### WORK TASK
From the very first line of the data to the line containing "Appartement à vendre, 272m², Le", retype everything exactly, leaving the pictures behind.

### RAW DATA
—————

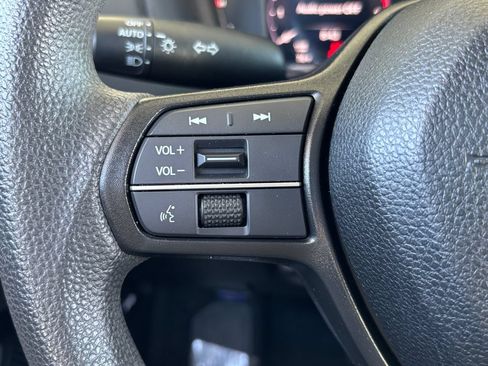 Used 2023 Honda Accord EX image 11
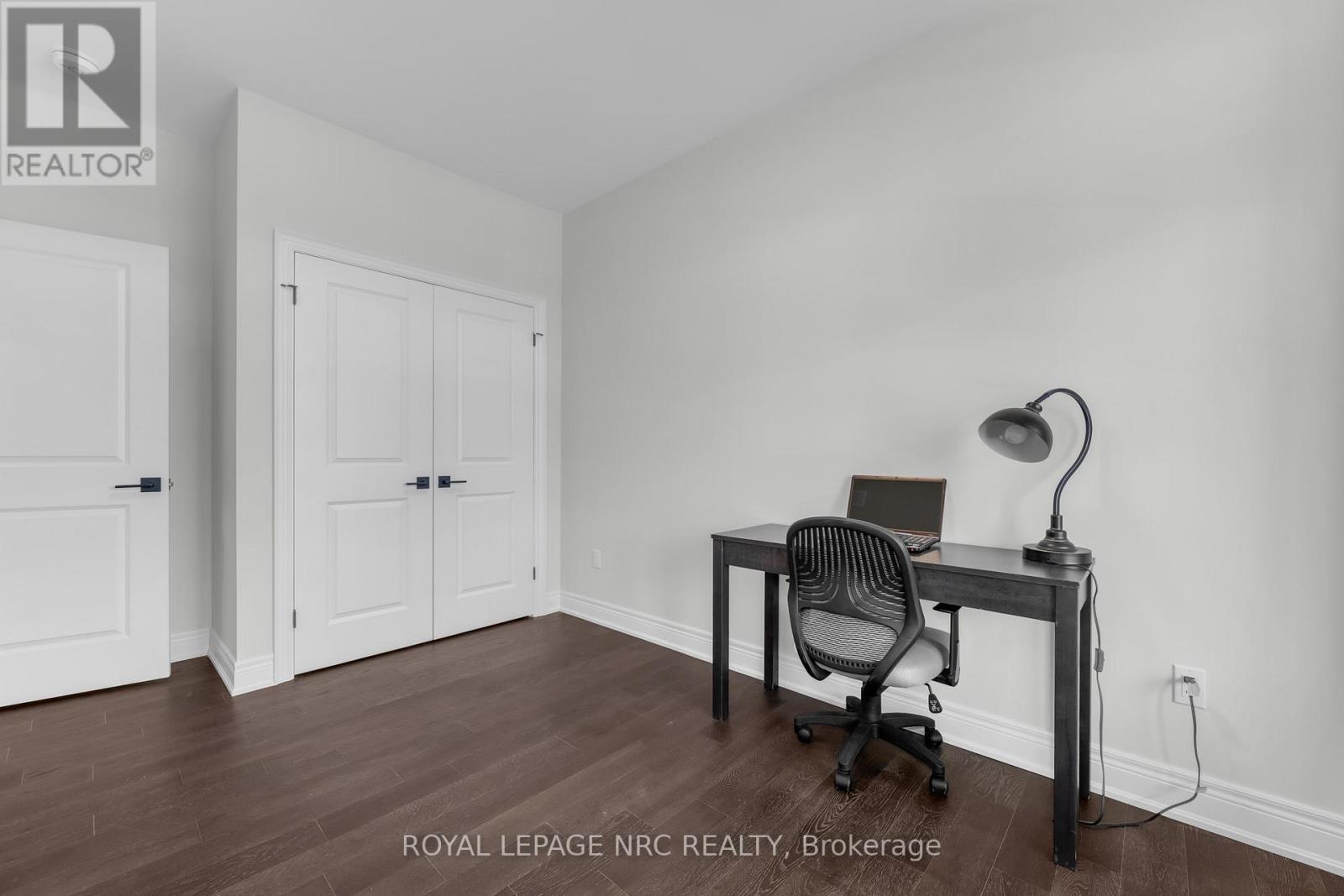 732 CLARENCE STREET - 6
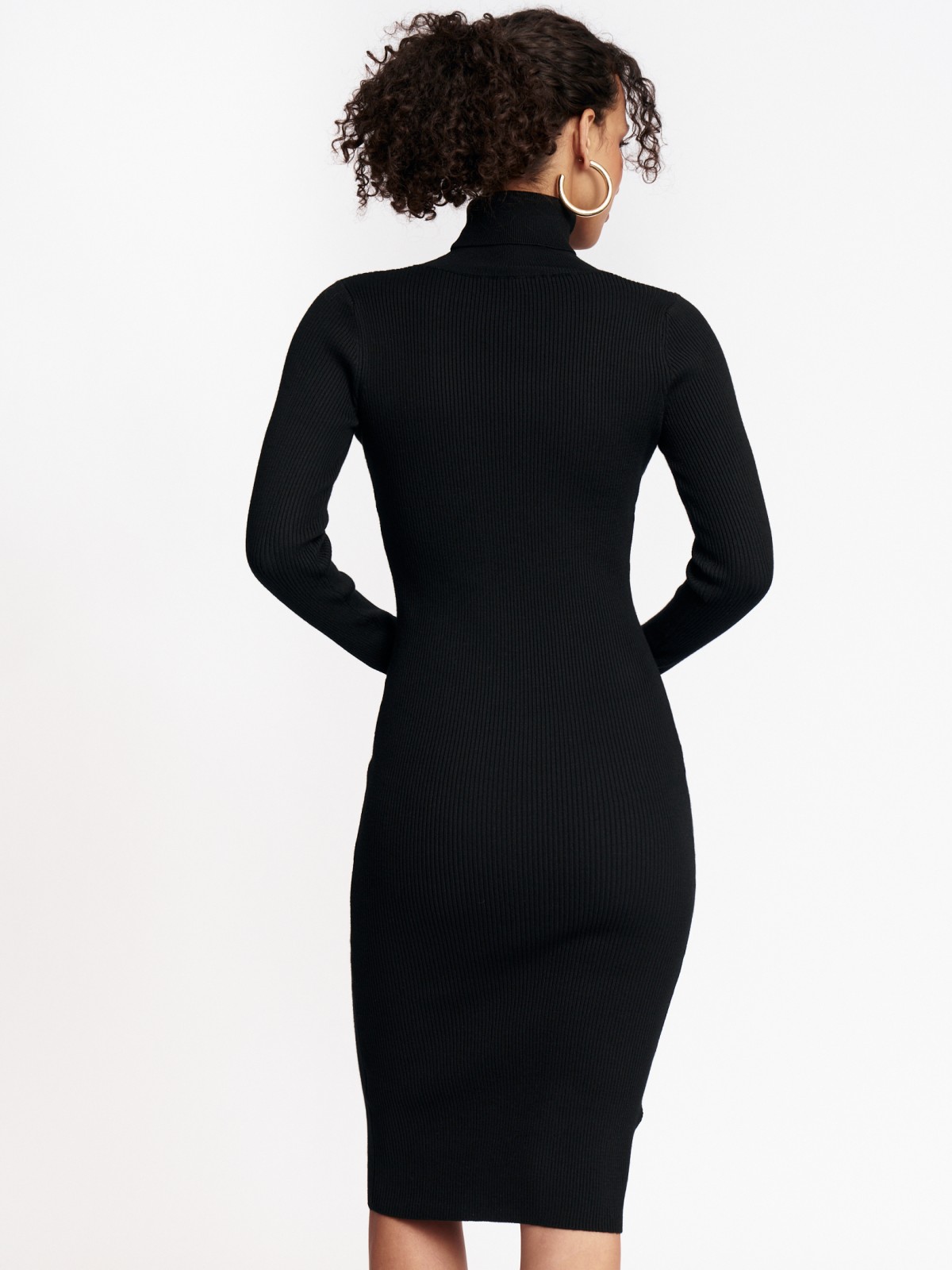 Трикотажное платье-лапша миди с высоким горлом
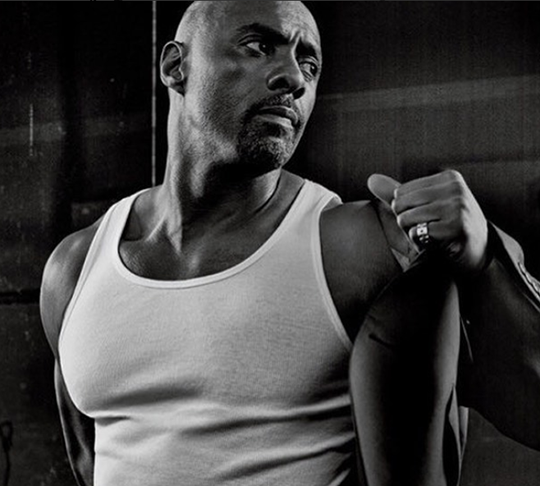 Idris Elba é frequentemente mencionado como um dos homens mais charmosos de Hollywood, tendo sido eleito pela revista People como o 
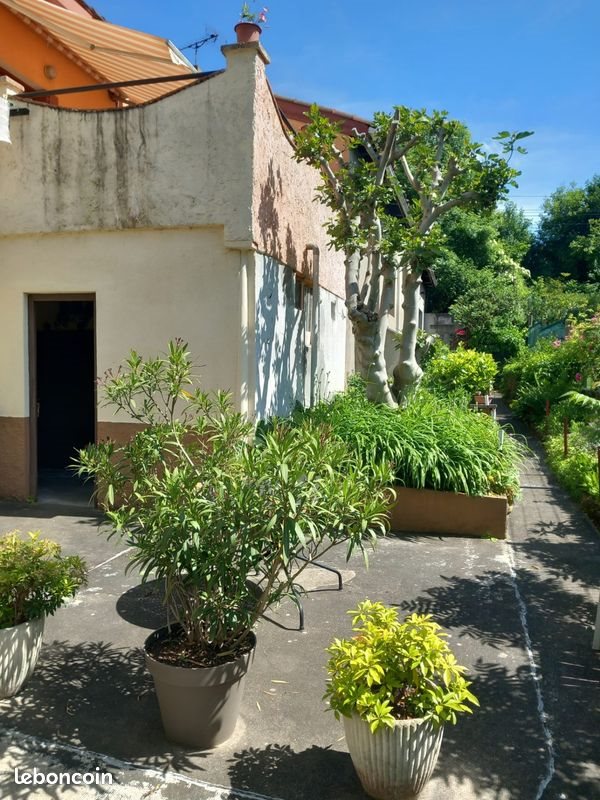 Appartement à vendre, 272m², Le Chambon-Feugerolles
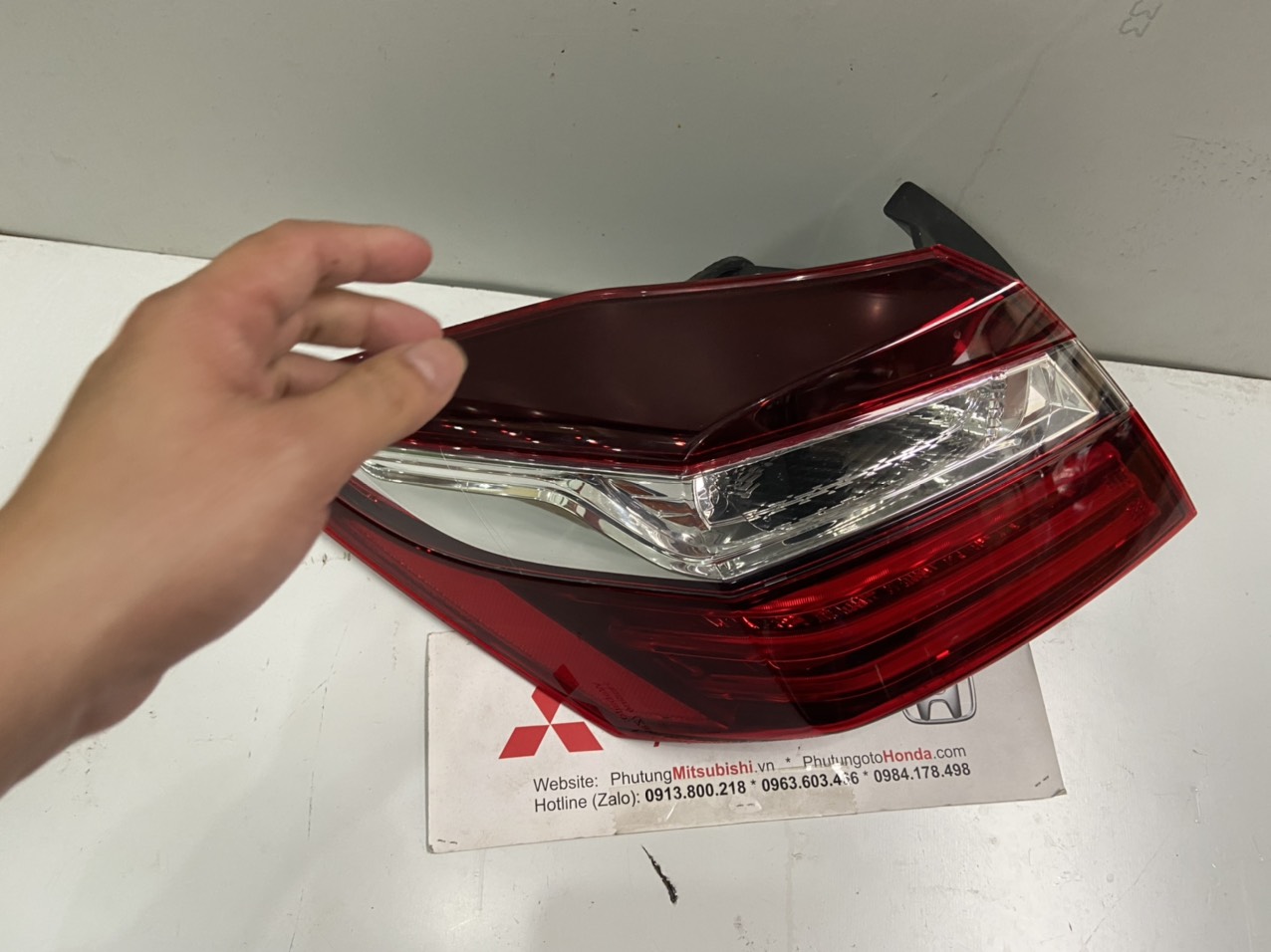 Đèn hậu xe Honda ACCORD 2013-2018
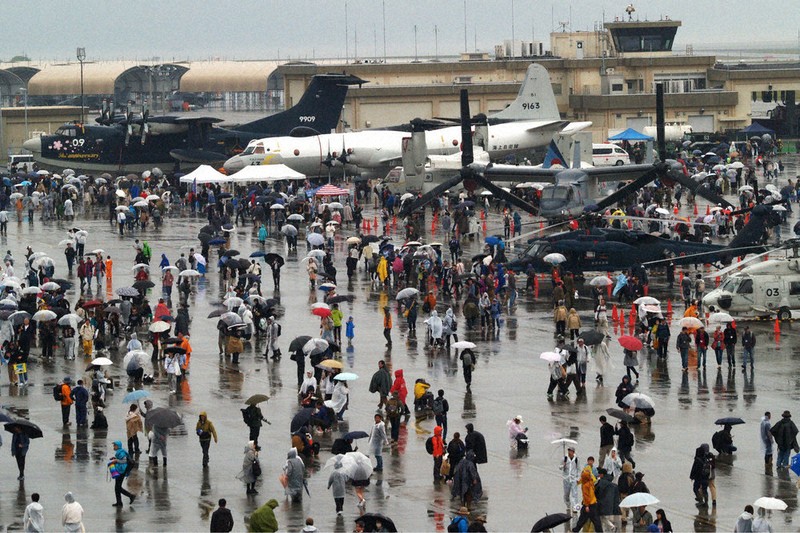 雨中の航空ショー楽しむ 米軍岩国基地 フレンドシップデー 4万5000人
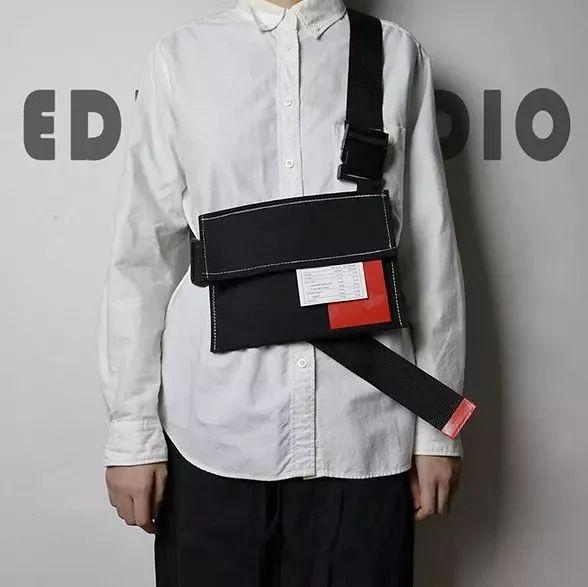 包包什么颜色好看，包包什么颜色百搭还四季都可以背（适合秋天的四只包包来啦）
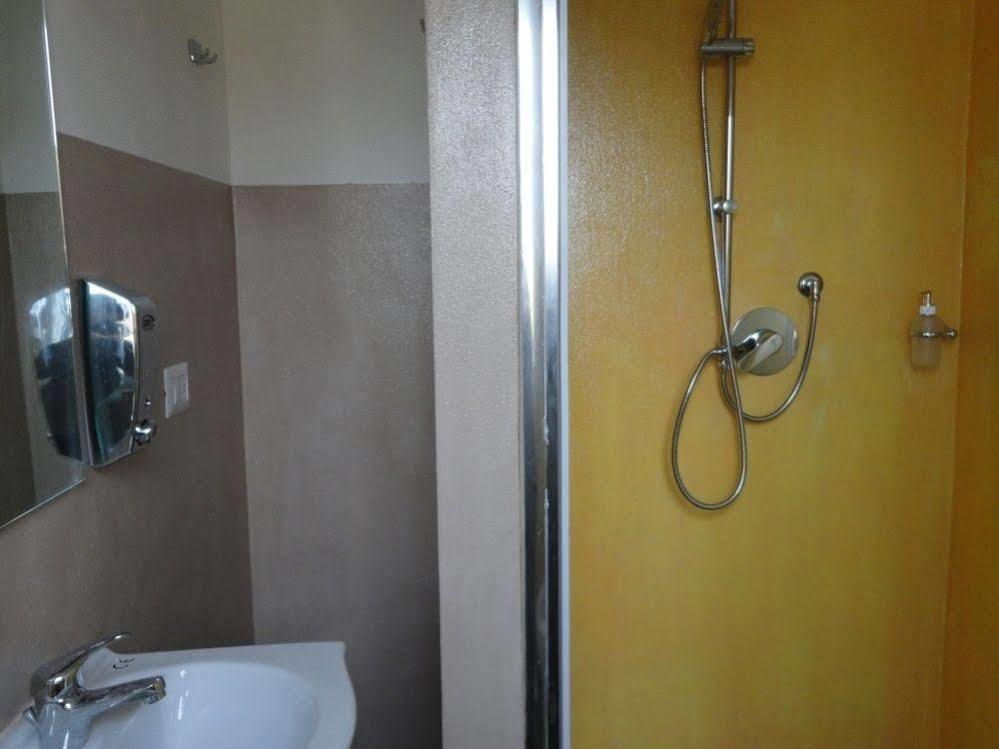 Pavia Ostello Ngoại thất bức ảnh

—————

### ANSWER FOR THIS EXERCISE
 Used 2023 Honda Accord EX image 11
 732 CLARENCE STREET - 6
 Трикотажное платье-лапша миди с высоким горлом
 Idris Elba é frequentemente mencionado como um dos homens mais charmosos de Hollywood, tendo sido eleito pela revista People como o 
 Appartement à vendre, 272m², Le Chambon-Feugerolles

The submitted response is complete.